译: Mimalloc Cigarette: Losing one week of my life catching a memory leak

作者: Hantong Chen

2025 七月 26
12 分钟阅读
标签:
翻译,
Rust,
mimalloc

TL;DR

⭐ 译者总结

使用 mimalloc 时, 被标记为 “已释放” 的内存只会在线程活跃时, 如执行有其他内存分配操作时, 被整理 (bookkeeping)、释放. 换句话说, 线程休眠期间不会释放先前分配但不再使用了的内存.

本文翻译自 Mimalloc Cigarette: Losing one week of my life catching a memory leak, 英文原文版权由原作者所有, 中文翻译版权遵照 CC BY-NC-SA 协议开放.
囿于译者自身水平, 译文虽已力求准确, 但仍可能词不达意, 欢迎批评指正.
2025 年 7 月 26 日晨, 于广州.

One of applications at my work has always been RAM-bound - it’s a pricing engine that basically loads tons of hotels, builds some in-memory indices and then allows you to issue queries like find me the cheapest hotel in berlin, pronto.

我工作中的一个应用程序一直受到 RAM 限制: 它是一个定价引擎, 基本上是加载大量酒店数据, 构建一些内存索引, 然后允许你发出查询, 比如快速找到柏林最便宜的酒店.

A pricing engine’s main purpose is to price engines hotels, but in order to do that effectively, there’s a lot of “meta work” involved, like:

定价引擎的主要目的是为酒店定价, 但为了有效地做到这一点, 涉及很多“元工作“, 比如：

Where do we load the data from, how do we do it?

我们从哪里加载数据, 如何加载？
Do we load the entire dataset or just some parts of it?

我们是加载整个数据集还是只加载其中的一部分？
Should we precalculate prices in order to speed-up the most popular queries?

我们是否应该预先计算价格以加速最受欢迎的查询？

Such an engine poses an interesting technical challenge, even greater so when one day it starts OOMing on production, even though the entire dataset should fit in the memory multiple times…
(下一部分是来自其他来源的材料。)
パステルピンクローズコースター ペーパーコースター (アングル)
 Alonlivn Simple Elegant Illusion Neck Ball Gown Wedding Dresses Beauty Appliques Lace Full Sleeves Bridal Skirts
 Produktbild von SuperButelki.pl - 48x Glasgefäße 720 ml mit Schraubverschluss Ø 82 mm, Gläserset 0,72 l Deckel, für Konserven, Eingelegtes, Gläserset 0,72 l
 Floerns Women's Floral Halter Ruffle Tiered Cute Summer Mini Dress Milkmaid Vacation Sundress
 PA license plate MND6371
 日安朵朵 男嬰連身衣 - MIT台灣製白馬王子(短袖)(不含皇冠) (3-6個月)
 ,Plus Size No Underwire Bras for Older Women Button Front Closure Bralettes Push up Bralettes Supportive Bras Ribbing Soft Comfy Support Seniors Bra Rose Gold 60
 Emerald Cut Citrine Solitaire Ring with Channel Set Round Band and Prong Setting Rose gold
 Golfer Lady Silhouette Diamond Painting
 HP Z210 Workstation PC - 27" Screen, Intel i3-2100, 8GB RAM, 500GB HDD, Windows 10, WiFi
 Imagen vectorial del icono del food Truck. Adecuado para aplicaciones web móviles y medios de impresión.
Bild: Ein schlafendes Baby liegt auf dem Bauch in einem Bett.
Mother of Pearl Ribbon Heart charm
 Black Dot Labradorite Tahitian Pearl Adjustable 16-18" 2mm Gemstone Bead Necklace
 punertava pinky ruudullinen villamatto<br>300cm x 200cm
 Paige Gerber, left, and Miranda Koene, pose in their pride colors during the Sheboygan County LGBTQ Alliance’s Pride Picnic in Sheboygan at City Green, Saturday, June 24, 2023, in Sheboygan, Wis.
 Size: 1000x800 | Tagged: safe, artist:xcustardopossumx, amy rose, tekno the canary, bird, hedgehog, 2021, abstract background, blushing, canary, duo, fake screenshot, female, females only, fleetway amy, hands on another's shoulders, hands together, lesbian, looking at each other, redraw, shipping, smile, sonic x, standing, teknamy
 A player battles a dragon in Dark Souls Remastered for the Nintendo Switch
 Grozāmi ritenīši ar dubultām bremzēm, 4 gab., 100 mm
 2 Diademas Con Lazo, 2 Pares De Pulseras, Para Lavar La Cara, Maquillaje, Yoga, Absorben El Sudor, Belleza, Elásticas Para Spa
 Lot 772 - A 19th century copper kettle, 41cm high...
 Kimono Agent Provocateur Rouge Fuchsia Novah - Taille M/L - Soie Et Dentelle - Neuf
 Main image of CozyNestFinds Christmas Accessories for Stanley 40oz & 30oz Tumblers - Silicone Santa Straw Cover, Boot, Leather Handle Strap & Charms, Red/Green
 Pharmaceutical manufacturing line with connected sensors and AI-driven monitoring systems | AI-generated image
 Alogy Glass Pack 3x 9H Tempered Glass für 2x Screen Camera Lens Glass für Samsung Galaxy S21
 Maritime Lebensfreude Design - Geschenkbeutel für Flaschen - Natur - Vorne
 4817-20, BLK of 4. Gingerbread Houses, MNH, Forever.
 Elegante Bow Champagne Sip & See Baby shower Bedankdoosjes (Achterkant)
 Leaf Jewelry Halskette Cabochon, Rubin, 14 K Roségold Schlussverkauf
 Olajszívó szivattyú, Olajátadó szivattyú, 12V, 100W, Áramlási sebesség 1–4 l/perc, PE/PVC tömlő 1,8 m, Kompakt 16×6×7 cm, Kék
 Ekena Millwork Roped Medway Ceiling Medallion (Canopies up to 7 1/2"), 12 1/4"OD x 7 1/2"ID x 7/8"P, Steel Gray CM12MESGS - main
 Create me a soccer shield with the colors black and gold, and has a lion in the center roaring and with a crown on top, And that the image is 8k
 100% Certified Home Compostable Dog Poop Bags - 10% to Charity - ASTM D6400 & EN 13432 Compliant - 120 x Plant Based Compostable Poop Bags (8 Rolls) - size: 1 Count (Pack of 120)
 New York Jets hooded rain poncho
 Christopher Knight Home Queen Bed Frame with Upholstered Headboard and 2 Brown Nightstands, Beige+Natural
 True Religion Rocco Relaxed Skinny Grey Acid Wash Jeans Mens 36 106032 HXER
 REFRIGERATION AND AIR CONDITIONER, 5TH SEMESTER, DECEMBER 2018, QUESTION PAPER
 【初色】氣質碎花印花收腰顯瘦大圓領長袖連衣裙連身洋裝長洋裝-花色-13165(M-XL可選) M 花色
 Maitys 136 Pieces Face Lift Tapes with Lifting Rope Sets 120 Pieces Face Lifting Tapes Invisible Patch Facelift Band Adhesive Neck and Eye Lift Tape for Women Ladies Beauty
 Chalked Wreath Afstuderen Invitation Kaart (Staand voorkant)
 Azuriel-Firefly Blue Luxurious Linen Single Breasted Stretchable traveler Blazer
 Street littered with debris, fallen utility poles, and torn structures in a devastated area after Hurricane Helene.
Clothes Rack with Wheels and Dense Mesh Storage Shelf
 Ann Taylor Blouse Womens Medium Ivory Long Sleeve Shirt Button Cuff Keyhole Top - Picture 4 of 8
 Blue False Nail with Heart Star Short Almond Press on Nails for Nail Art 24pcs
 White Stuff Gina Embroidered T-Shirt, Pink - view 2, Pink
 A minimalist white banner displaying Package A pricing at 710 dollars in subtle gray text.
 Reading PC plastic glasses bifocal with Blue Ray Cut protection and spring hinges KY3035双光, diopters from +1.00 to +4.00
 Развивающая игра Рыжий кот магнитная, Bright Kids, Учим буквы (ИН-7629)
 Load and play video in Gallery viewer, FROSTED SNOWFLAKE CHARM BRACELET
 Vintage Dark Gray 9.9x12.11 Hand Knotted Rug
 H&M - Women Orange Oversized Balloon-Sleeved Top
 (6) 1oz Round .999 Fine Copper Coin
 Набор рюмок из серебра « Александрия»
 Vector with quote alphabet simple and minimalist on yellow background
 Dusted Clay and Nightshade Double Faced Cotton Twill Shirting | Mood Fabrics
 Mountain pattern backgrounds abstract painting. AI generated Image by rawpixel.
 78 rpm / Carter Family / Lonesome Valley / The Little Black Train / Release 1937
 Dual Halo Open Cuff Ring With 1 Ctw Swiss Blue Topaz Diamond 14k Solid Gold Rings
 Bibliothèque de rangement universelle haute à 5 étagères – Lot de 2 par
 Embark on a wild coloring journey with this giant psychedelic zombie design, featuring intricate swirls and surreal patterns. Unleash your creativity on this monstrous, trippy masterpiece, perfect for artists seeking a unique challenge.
这样的引擎带来了有趣的技术挑战, 当有一天它在生产环境中开始出现内存不足时, 挑战变得更大, 尽管整个数据集应该能在内存中放下多次…

Hello, World!

Simplifying ~~a bit~~ a lot, what we’re dealing with is:

简要大大简化一下, 我们处理的是：

struct State {
    hotels: Vec<Hotel>,
}

struct Hotel {
    prices: Vec<f32>,
}

// ---

impl State {
    fn new() -> Self {
        Self {
            hotels: load_hotels().collect(),
        }
    }

    fn refresh(&mut self) {
        for (id, hotel) in load_hotels().enumerate() {
            self.hotels[id] = hotel;
        }
    }
}

fn load_hotels() -> impl Iterator<Item = Hotel> {
    (0..1_000).map(|_| Hotel {
        prices: (0..1_000_000).map(|n| n as f32).collect(),
    })
}

// ---

fn main() {
    let state = Arc::new(RwLock::new(State::new()));

    // Spawn a separate thread responsible for checking which hotels have
    // changed and need to be refreshed etc.
    thread::spawn({
        let state = Arc::clone(&state);

        move || loop {
            thread::sleep(Duration::from_secs(5));
            state.write().unwrap().refresh();
        }
    });

    // Now in reality we start a Rocket server here, but for practical
    // purposes stalling the main thread will be sufficient.
    loop {
        thread::sleep(Duration::from_secs(1));
    }
}

Of course IRL there’s ArcSwap instead of RwLock, every hotel contains much more information (like taxes, discounts or supplements) etc., but we’ve got a reasonably good approximation here.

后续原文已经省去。